Simons started out in the early ’90s at NASA as a software engineer. After discovering an interest in systems analysis and operations, he joined NASA’s space-based Tracking and Data Relay Satellite System, and later obtained a master’s in operations research from George Washington University.
Simons moved again within NASA, developing ground data processing systems for earth-observing satellites that processed raw data into products for scientific interests. On one occasion, Simons devised a process for this enterprise—known as the Earth Sciences Data Information System Project—to deliver raw earth science data to an outside agency, allowing weather scientists to provide timely analysis to the general public.
It was while doing modeling and simulation at NASA on the Earth Sciences Data Information System project that Simons truly cut his teeth on systems engineering and fell in love with the discipline. “I saw that systems engineering could help organizations efficiently build and develop systems.”

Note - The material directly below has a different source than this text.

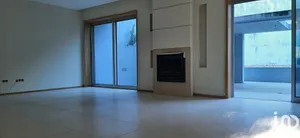 House at Canedo, Vale e Vila Maior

In the early 2000s, Simons went to work for The MITRE Corporation, a federally funded research and development corporation based in McLean, Virginia that handles a mix of federally funded research and development projects for U.S. government agencies. At MITRE, just as he had at NASA, Simons held a number of positions, working in everything from Wide Area Networking to Service-Oriented Architecture to IT systems and even laser technology.
While at MITRE, Simons again returned to school to get a master’s in systems engineering from Johns Hopkins. After receiving his degree, Simons was asked to co-instruct a course in product management for their systems engineering program.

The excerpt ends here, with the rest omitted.